▸ PROBLEM STATEMENT
Which lines of the records contain the word "Drive"? Copy each one.
[[ INPUT, beginning ]]
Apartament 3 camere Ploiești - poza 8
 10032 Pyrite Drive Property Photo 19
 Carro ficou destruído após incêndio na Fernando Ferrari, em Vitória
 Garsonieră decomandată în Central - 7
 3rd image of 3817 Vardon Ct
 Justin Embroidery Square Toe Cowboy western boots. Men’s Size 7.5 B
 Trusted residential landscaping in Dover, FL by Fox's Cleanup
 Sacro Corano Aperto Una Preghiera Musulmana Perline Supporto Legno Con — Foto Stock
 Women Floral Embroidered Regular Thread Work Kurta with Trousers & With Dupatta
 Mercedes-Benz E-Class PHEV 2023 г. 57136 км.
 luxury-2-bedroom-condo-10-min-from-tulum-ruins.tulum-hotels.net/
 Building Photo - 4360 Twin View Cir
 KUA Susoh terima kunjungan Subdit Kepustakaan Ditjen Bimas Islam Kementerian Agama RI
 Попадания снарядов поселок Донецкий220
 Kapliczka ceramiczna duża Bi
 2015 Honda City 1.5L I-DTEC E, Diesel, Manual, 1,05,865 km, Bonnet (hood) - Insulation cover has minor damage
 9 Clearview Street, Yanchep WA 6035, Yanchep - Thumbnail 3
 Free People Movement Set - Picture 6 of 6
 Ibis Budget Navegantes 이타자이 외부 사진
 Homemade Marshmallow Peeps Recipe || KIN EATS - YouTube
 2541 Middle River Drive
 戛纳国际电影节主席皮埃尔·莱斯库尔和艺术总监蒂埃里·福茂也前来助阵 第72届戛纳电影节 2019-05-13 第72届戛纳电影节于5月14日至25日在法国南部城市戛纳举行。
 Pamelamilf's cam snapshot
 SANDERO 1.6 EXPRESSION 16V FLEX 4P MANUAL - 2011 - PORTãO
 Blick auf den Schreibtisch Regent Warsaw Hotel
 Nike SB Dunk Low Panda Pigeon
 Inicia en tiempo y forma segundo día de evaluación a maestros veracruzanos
[[ INPUT, end ]]
▸ ANSWER BOX
 10032 Pyrite Drive Property Photo 19
 2541 Middle River Drive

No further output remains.